The reality today: the sooner you can start saving for retirement, the better off you'll be. But it's difficult to save these days sometimes it takes two incomes just to make ends meet. Saving for retirement can be almost impossible.
That's why a lot of people look for a way to save that's easy and systematic. With a Tax Sheltered Annuity (TSA), also called a Tax Deferred Annuity (TDA), you get tax saving advantages that let you save for tomorrow without feeling the pinch today. And that's a retirement reality, not a myth.
Myth #1: There's Really No Need to Save for Retirement.
Reality:In decades past, employees could count on the three-legged stool of retirement income: a guaranteed pension benefit from their employer and regular Social Security payments supplemented by any additional personal savings. But things are different today. Many employers are reducing pension benefits, or eliminating them all together. The long-term future of Social Security remains questionable.
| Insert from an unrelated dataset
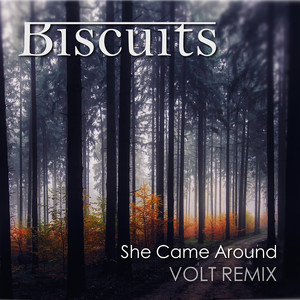 She Came Around (Volt Remix)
And Americans haven't done well with their savings, either the personal savings rate in the U.S. in 1992 was less than 5% of disposable income. The bottom line: retirees of the future will have to depend on the money they can accumulate during their working years for a good portion of their retirement income. Today, saving for retirement living is a necessity and a smart investment plan can make it easy.
Myth #2: You Need Less Money to Live When You're Retired.
Reality:Experts say that to live comfortably in retirement, retirees need approximately 80% of their pre-retirement income. That's because there will still be living expenses, fees for recreation, and the increasing costs of health care. For many, "retirement" may mean a time to travel, build a new home, or begin a small business all of which require cash. Without a systematic savings plan, the money won't be there to make those dreams come true.